I was in the 4th grade at St. Mary
School, Greensburg, IN. My dad was a great one to help us
to read and find new words. I came home with a word that I
thought, for sure, he hadn’t heard. I heard it on the
playground. I thought it had just been invented. The word
was “clodhopper.”
We were always home for the noon meal. We lived in town. We
were not like the kids who came to school in buggies. I envied
those kids in a way. They didn’t have to run home. They
could just pull a sandwich out of a sack and reach for the
ball and bat.
After the prayer, Mom said, “Dad, your son has a new
word. He told me about it already.”
“Oh, good,” Dad said, “What is it?”
Oh, I was ready. I knew he’d get a big kick out of it.
“Clodhopper!” I said it, loud, and I doubled up
with the comedy of the sound. “Clodhopper.”
Dad wasn’t as excited as I expected, though. He took
it calmly. “Oh. What does that mean, my boy?”
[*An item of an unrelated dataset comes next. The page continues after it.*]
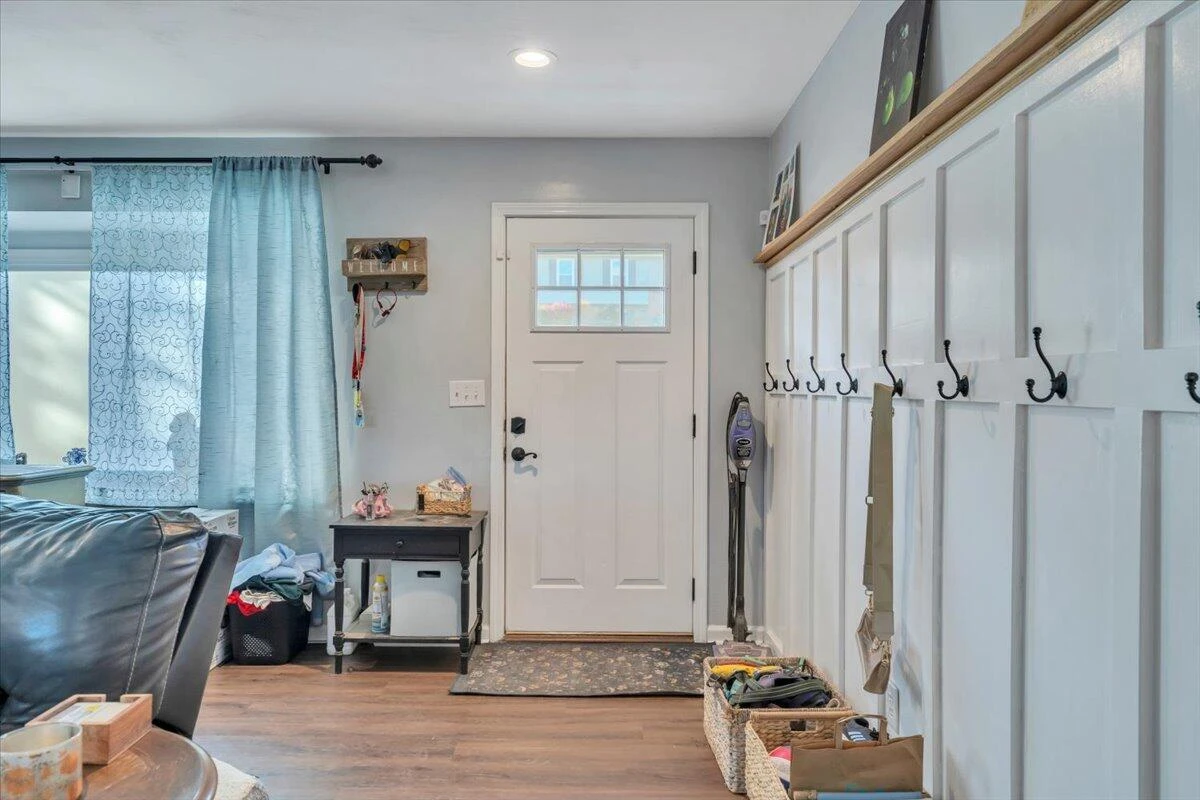 3234 Woodview RD - Photo 4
I wasn’t ready for a quizzing. I just liked the clopping
sound of the word. It made every country boy sound like a
joke. I was stumped.
Dad had a question. He was always keeping me off balance with
his questions. “Who’s the smartest one in your
grade?”
“I think Rosie Eder. She knows her arithmetic, and she’s
always helping kids with spelling and stuff.”
“Really? She lives out on the road to Batesville, doesn’t
she? Is she a Clodhopper?”
“Well, yes, I guess.”
“Who’s the best baseball player in the whole school?
I think you told me once.”
“Dick McAuliffe. He’s a pitcher, and he’s
the best batter, too.”
“Really? Does he come to school in a buggy?”
“Well, yes.”
“You know, my boy. You told me Rosie Eder is the smartest
girl in your grade and Dick McAuliffe is the best baseball
player in the whole school. I think each one of them are what
you’d call a Clodhopper. Clodhoppers must be pretty
OK, do you think?”
I ate my soup, just thinking. That’s the way my Dad
made me think. He’d catch me in a corner and then see
how good I was in learning the way out. Learning is what he
was after. “Know what you are saying.”
Lately, in our day there are specific words used in an evil
way to put down people whom we’ve not met yet. I guess
I hear those words because I am a priest and people think
that I’ll agree with them, without thinking.
The words are “pagan” and “heathen”
and “savage.” They are like tags to put on road-kill.
The tags say, “You might really be a thing of beauty,
but now you’re tagged. You’re garbage.”
That kind of talk is dreadful to me, because I’ve learned
from my Dad to listen and to examine things and to get to
know things, before I talk.
Pagan. From Latin. It’s a tag some folks have used for
a long time, and now, with more world travel, it’s back
in vogue. Look it up. It means “someone who lives outside
the city on the pagus, the prairie.” It’s a way
to put someone down.
Heathen. (Old English) There is a lot of heath-land in Britain.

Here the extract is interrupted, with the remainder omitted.